## [Required action]
Below are the records. Retype exactly the lines between the lines holding "During the analysis" and "The problem with", inclusive.

## [Data to process]

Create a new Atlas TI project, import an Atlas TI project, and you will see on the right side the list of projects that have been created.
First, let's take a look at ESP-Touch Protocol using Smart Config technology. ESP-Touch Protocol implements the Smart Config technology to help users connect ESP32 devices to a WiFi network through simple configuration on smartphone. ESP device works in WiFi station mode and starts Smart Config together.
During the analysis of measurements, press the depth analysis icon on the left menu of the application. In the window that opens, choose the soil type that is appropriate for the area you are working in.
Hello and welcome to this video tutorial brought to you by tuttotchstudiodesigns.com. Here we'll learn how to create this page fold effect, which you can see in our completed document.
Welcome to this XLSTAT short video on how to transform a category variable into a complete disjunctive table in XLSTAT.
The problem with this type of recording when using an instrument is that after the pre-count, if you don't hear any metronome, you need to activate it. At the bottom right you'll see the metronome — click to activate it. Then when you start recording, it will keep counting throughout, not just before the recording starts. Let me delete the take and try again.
--
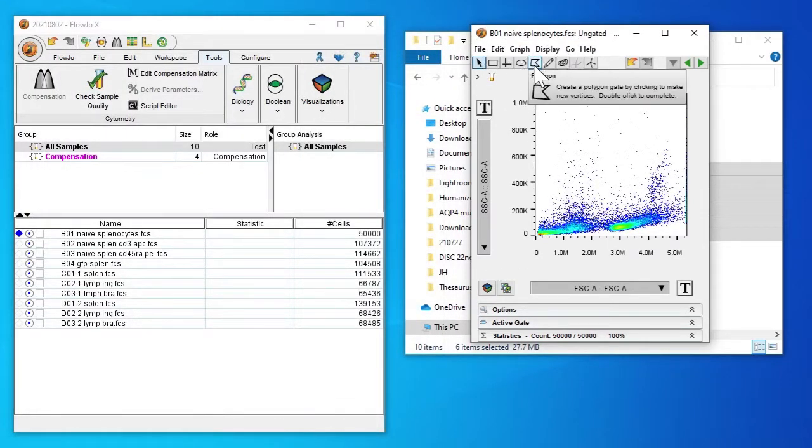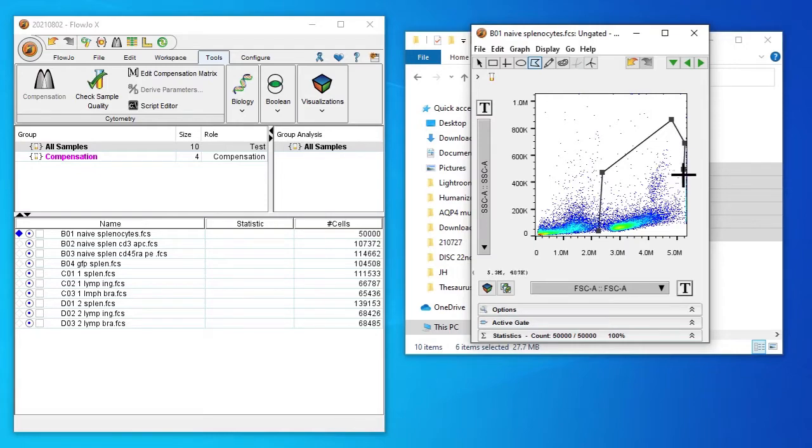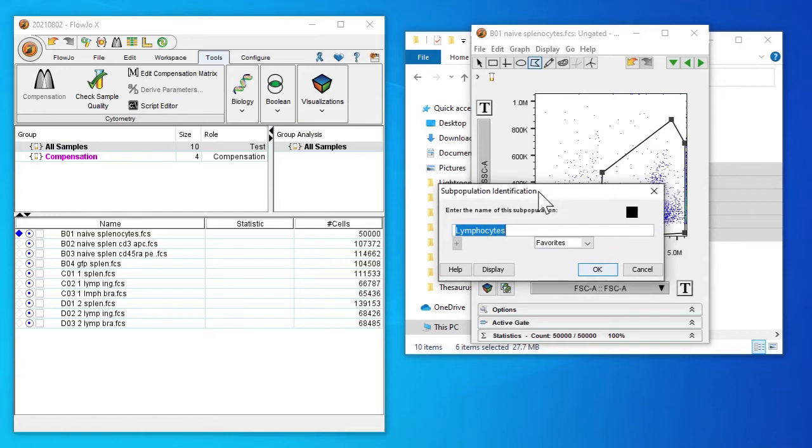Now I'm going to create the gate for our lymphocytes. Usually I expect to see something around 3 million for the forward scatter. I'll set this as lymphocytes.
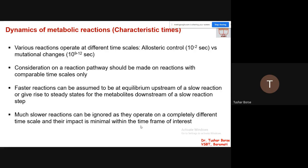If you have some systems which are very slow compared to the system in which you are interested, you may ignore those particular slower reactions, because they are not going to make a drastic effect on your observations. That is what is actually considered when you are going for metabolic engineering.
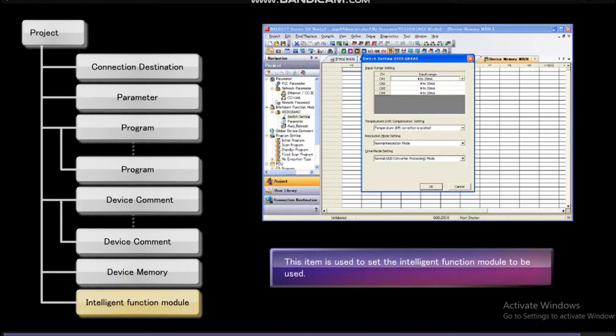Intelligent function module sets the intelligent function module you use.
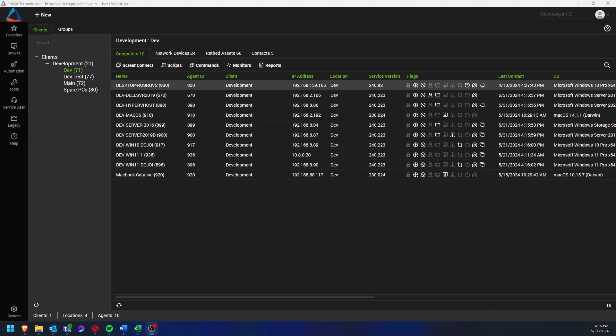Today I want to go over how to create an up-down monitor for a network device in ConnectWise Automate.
--
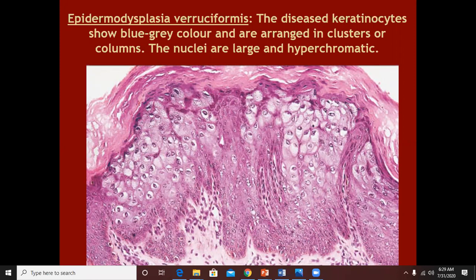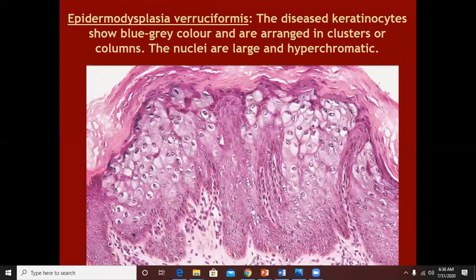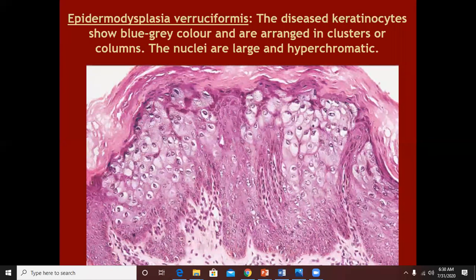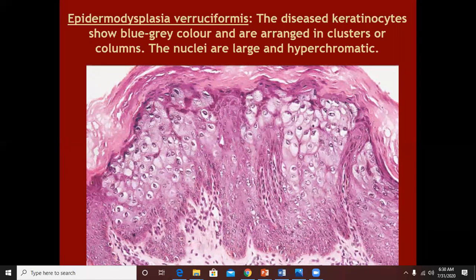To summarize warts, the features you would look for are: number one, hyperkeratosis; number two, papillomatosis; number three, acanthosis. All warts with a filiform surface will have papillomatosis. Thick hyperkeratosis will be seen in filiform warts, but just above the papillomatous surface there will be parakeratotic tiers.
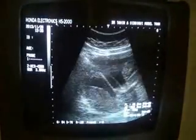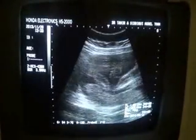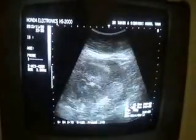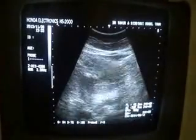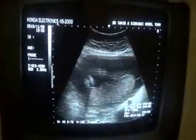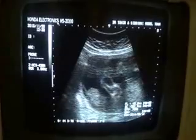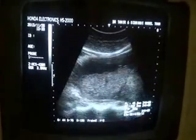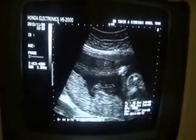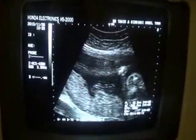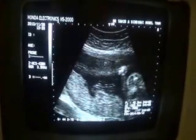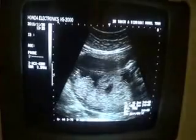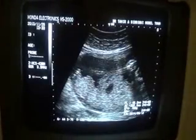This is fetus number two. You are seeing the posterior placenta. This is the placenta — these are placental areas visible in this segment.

## [Answer for this exercise]
During the analysis of measurements, press the depth analysis icon on the left menu of the application. In the window that opens, choose the soil type that is appropriate for the area you are working in.
Hello and welcome to this video tutorial brought to you by tuttotchstudiodesigns.com. Here we'll learn how to create this page fold effect, which you can see in our completed document.
Welcome to this XLSTAT short video on how to transform a category variable into a complete disjunctive table in XLSTAT.
The problem with this type of recording when using an instrument is that after the pre-count, if you don't hear any metronome, you need to activate it. At the bottom right you'll see the metronome — click to activate it. Then when you start recording, it will keep counting throughout, not just before the recording starts. Let me delete the take and try again.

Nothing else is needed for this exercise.